To find out which functions can be used in conjunction with explain, use db.collectionName.explain().help(). In previous versions, it was possible to append this command at last on a cursor (remember that find() returns a cursor). e.g.: db.collectionName.find().explain(). This was changed to be pre-pended by an explainable object’s function. The reason is not all methods return a cursor. e.g.: count() will return a scalar.

Explain: Verbosity

The explain command can run in 3 modes:

queryPlanner - tells mostly what the database would use in terms of indexes
executionStats - includes the queryPlanner mode, also includes what the result of using the indexes will be
allPlansExecution - includes the queryPlanner & executionStats mode.

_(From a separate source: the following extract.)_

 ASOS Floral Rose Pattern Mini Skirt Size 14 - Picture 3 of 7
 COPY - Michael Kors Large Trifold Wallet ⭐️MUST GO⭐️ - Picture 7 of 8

It does what the query optimizer does periodically is it runs all the possible indexes that could be used for a particular shape of query, and it runs them in parallel. Then makes a decision about which one is fastest.

var exp = db.collectionName.explain("executionStats"); exp.find();

One thing to understand when studying the performance stats is to see the number of returned documents (nReturned) and number of documents examined (docsExamined). The following data says that The query scanned 999,999 documents, returning 10,000 in 619 milliseconds.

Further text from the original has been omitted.